Section 34–223(A)'s Mailing Requirements

¶ 26 We next must resolve how the notices required by § 34–223(A) are to be mailed. To determine whether the last sentence of § 34–223(A) applies to both the twenty and ninety day notices, we look first to the statute's language. See Citadel Care Ctr. v. Ariz. Dep't of Revenue, 200 Ariz. 286, ¶ 11, 25 P.3d 1158, 1161 (App.2001). Unless a word is otherwise defined, we will construe statutory language pursuant to its ordinary and common meaning. Id.; A.R.S. § 1–213; accord Beatie v. Beatie, 235 Ariz. 427, ¶ 19, 333 P.3d 754, 758 (App.2014).

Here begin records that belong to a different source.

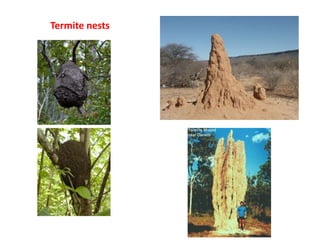 Termite nests
 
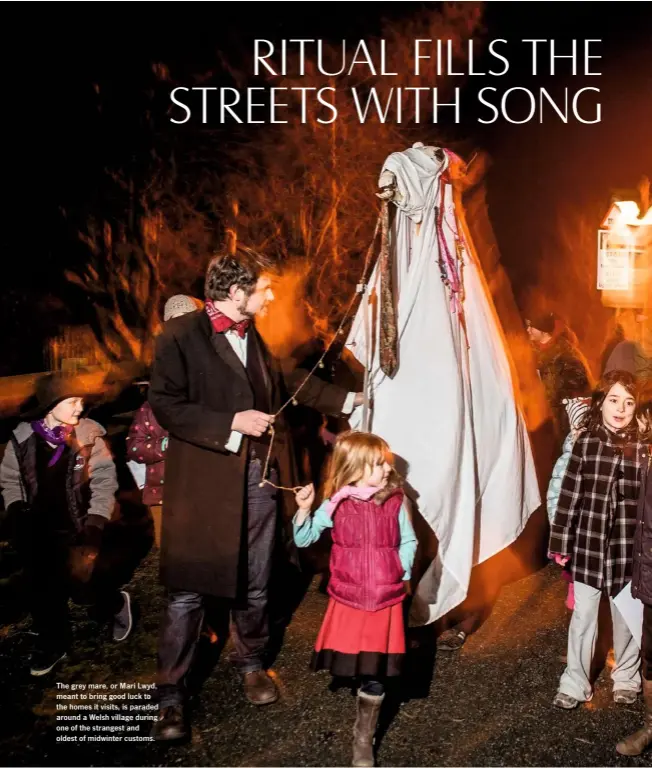  ??  ?? The grey mare, or Mari Lwyd, meant to bring good luck to the homes it visits, is paraded around a Welsh village during one of the strangest and oldest of midwinter customs.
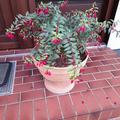 ich bin so  begeistert von meinen winterharten Fuchsien und hoffe sehr, dass sie den Winter �berstehen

In doing so, we seek to avoid “impossible or absurd consequences.” Boynton, 205 Ariz. 45, n. 2, 66 P.3d at 92 n. 2. If the statute's language does not disclose the legislative intent, “we scrutinize the statute as a whole and give it a fair and sensible meaning.” Citadel Care Ctr ., 200 Ariz. 286, ¶ 11, 25 P.3d at 1161.

¶ 27 The language of the statute contradicts Cemex's argument. First, the meaning of the word “such” encompasses a plural construction. “Such” is defined as “[o]f this or that kind,” or “[t]hat or those; having just been mentioned.” Black's Law Dictionary 1661 (10th ed.2014). This indicates that the term “such notice” is applicable to both the twenty and ninety day notices. Because the rest of the sentence is written in the singular, the term “such notice” likewise is applicable to each individual notice sent by an LMA claimant.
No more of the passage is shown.